C’est en 2004 que le ministre des Finances Benyamin Netanyahou lançait la réforme de l’assurance retraite dans le cadre d’un vaste plan de libéralisation de l’économie israélienne.
Afin d’assurer l’équilibre financier des comptes de la protection sociale, il fut décidé d’allonger les cotisations en reculant l’âge légal de la retraite ; le départ à la retraite a donc été relevé de 65 à 67 ans pour les hommes et de 60 à 62 ans pour les femmes.
La différence entre les systèmes français et israélien se retrouve aussi dans le vocabulaire employé ; le système libéral israélien n’utilise pas la même terminologie que le système protecteur français.
Par exemple, plusieurs notions utilisées fréquemment en France sont inconnues en Israël : ici pas de « pénibilité », pas de « régimes spéciaux », pas de « points de retraite » et pas de « majoration pour enfant » ; le régime de retraite israélien est simple, uniforme et minimal.
Pension minimale
En Israël, la sécurité sociale de l’Etat (appelée Bitouah Leoumi ou assurance nationale) verse une retraite de base, qui est la même pour tous ; arrivé à l’âge de la retraite, le travailleur israélien reçoit une somme fixe qui se monte à 2.520 shekels par mois en 2023, soit 720 euros.
Ce n’est que tardivement que le gouvernement israélien a compris qu’il était difficile de vivre correctement avec une pension aussi minime ; en 2008 seulement, il a rendu obligatoire pour les salariés de souscrire à une assurance-vieillesse complémentaire mais privée.
Le montant de cette pension complémentaire est fixé en fonction des revenus et de la durée des cotisations ; elle est gérée par des fonds d’investissement privés et donc soumise aux fluctuations du marché financier.
Ce qui fait que durant les années de crises financières et boursières, les Israéliens voient le montant de leur retraite complémentaire se rétrécir, sans que l’Etat libéral n’intervienne pour garantir un pouvoir d’achat correct aux retraités israéliens.
Âge maximal
Pendant longtemps, Israël fut considéré comme le pays ayant un âge de la retraite parmi les plus élevés au monde ; c’est ainsi qu’il a été le premier pays de l’OCDE à relever l’âge légal de la retraite des hommes de 65 à 67 ans, passage progressif qui a démarré en 2004 et s’est achevé en 2011.
En ce qui concerne les femmes, un nouveau recul a été voté en 2022 : l’âge de la retraite de la femme passera de 62 à 65 ans, à raison de trois mois supplémentaires par an pour s’achever en 2035.
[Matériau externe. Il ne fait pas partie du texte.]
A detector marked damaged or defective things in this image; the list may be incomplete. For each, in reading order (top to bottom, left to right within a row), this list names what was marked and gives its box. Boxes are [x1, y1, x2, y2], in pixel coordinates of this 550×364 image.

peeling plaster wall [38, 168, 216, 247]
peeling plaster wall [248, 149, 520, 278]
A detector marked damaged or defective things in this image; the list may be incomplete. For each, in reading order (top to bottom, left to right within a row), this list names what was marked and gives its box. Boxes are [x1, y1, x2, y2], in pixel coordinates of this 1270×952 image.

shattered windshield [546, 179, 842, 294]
Le report de l’âge légal à 65 ans pour la femme vise à atteindre un autre objectif ; réduire l’écart actuel de la retraite entre les hommes et les femmes (cinq ans), écart qui paraît injustifié dans une société libérale et moderne.
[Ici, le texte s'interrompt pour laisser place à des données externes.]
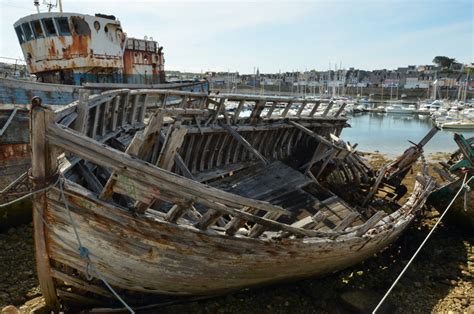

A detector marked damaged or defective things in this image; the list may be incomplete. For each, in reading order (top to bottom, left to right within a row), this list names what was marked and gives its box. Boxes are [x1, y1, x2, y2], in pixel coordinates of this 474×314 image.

rusty abandoned ship [23, 86, 436, 312]
rusted ship hull [29, 89, 436, 310]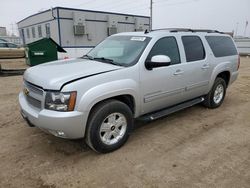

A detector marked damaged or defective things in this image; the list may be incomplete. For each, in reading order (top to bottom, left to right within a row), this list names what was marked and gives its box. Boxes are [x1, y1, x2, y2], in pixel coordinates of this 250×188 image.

crumpled hood [24, 58, 121, 90]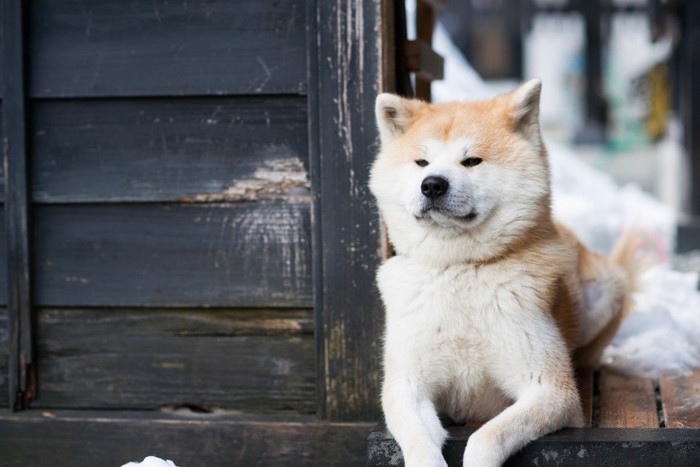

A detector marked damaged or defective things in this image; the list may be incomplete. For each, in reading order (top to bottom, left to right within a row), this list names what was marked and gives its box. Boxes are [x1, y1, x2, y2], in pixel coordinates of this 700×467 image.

peeling paint [180, 157, 308, 203]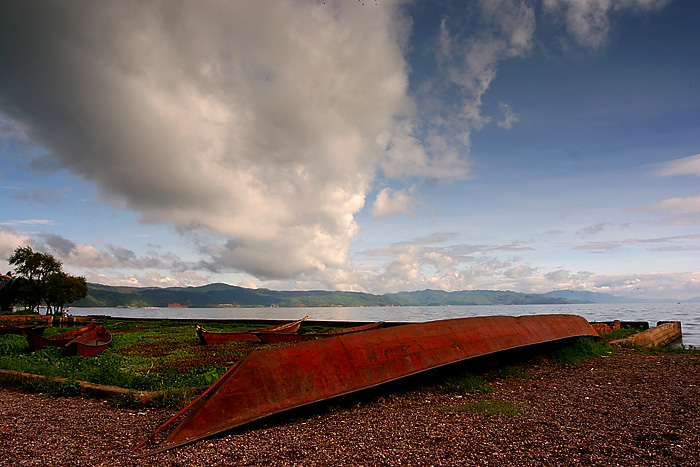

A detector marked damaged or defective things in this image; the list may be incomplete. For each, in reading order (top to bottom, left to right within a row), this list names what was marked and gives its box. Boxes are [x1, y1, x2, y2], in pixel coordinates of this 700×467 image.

rusty overturned boat [25, 322, 95, 352]
rusty overturned boat [64, 326, 110, 358]
rusty overturned boat [196, 316, 308, 346]
rusty overturned boat [253, 322, 382, 344]
rusty overturned boat [135, 314, 596, 454]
Alors que l’espérance de vie ne cesse d’augmenter dans les pays occidentaux, allonger la durée du travail semble un choix logique qui a vite convaincu les Israéliens.
À 62 ans, les Français bénéficient de cinq années de retraite de plus que les Israéliens ; on peut comprendre que l’opposition des Français à la réforme des retraites reste injustifiable pour beaucoup d’Israéliens.
Ce qui ne veut pas dire que la France doit tendre à appliquer le modèle israélien, trop parcimonieux ; mais la recherche d’un juste milieu devient nécessaire pour sauvegarder une protection sociale à laquelle les Français sont si attachées…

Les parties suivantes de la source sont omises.